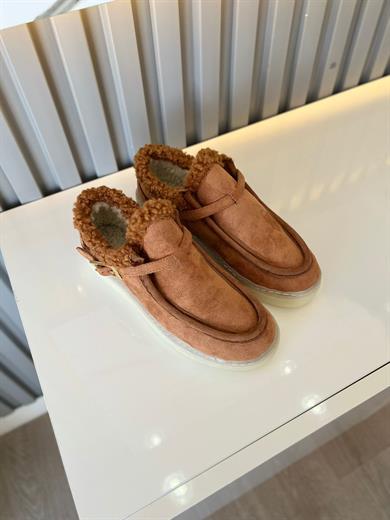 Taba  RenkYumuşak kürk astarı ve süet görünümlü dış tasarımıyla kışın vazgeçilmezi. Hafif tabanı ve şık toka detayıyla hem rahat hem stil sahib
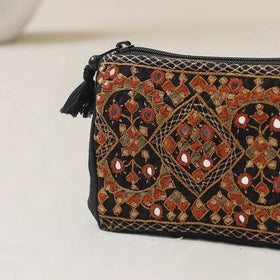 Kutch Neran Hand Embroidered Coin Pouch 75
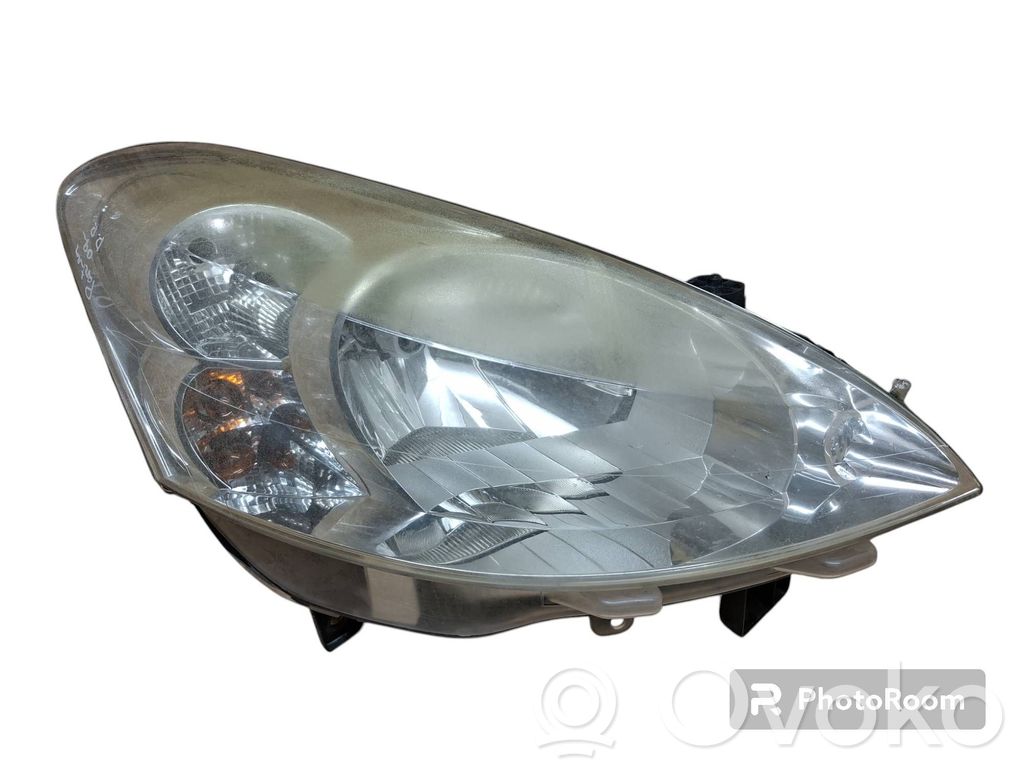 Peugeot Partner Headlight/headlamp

------

* _Task to complete_
Return every line above verbatim, pictures excluded.

* _Reply_
 Taba  RenkYumuşak kürk astarı ve süet görünümlü dış tasarımıyla kışın vazgeçilmezi. Hafif tabanı ve şık toka detayıyla hem rahat hem stil sahib
 Kutch Neran Hand Embroidered Coin Pouch 75
 Peugeot Partner Headlight/headlamp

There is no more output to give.